Several German military aircraft were brought from Spain for examination. Some were so badly damaged that they had to be examined on the ground, while others were restored and test flown. They even took part in simulated air combat with Soviet fighters. In 1937-1938, Air Forces Scientific Research Institute specialists familiarized themselves with He 51 and Bf 109 (with Jumo 210 engine) fighters, as well as Ju 52, Ju 86, and He 111 bombers.
In general, the results of testing gave some hope: the flight characteristics of the Soviet aircraft exceeded -those of German planes. As proof, I will provide a few excerpts from Scientific Research Institute reports on the results of the simulated air combat.

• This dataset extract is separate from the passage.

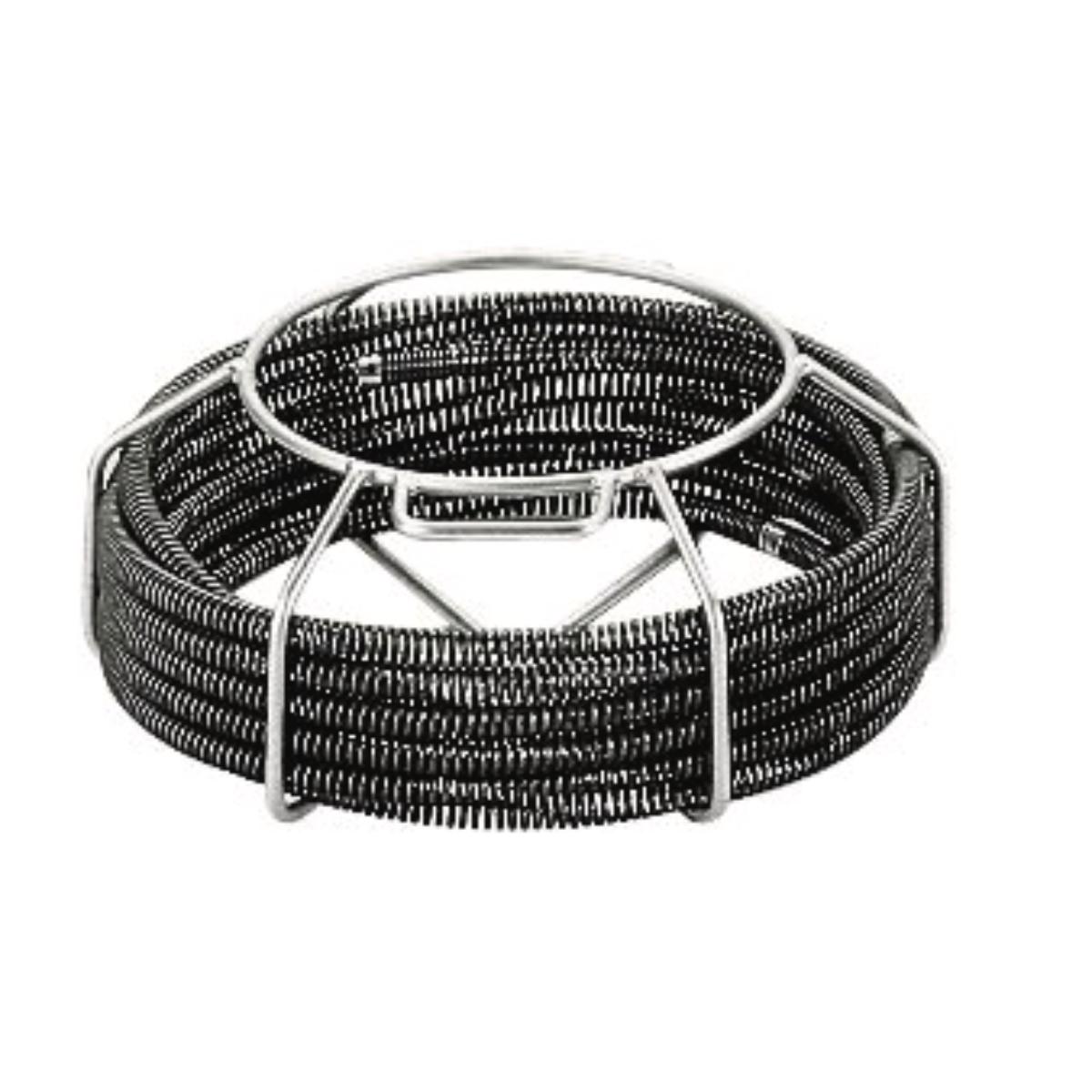 Rothenberger Spiralkorb für 16mm Spiralen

1. He 51 fighter (designated I-25, flown by Stefanovskiy in 1938 in the USSR): Despite its low speed (315 km/h), the I-25 can engage in active defensive combat against I-16, M25, DI-6, and DI-6Sh airplanes and be successful in a surprise attack on SB, DB-3, and R-9 planes, but it cannot retain the combat initiative. In combat against the I-16, the latter has all the advantages".
2. Bf 109B fighter (tested by pilot Suprun in 1938): "Tactical flight characteristics of the Messerschmitt-109 (as written in the document) powered by a Jumo 210 engine are lower than those of high-speed fighters in service with the RKKA Air Forces".
3. He 111 bomber (test flown by Kabanov in 1938): "1. The speed of the Heinkel-111 is lower than that of the corresponding domestically produced aircraft. 2. The Heinkel 111 rate of climb, range, and ceiling are significantly lower than what is required of modern two-engine bombers.
At the same time, Air Forces representatives pointed out the advantages of some construction elements and equipment on German aircraft: fiber self-sealing fuel tanks; oxygen equipment; and the crew intercom. But, what the military liked most of all was the Jumo 205 diesel engine installed in the Ju 86 bomber. Its fuel consumption rate and power-to-engine cubic capacity ratio noticeably exceeded those of the Soviet AM-34, M-25, and M-85 aviation engines. The Air Forces Scientific Research Institute even recommended that Jumo 205 engines be series produced at one of the Soviet plants.
The German airplanes tested in the USSR in 1937-1938 were examples of the technology of Spanish Civil War's first phase. New Luftwaffe aircraft—the Bf 109E powered by a Daimler-Benz DB 601 engine and the Ju 88 high-speed bomber —appeared in Spanish skies in 1938. They demonstrated clear superiority over the Soviet I-16 and SB.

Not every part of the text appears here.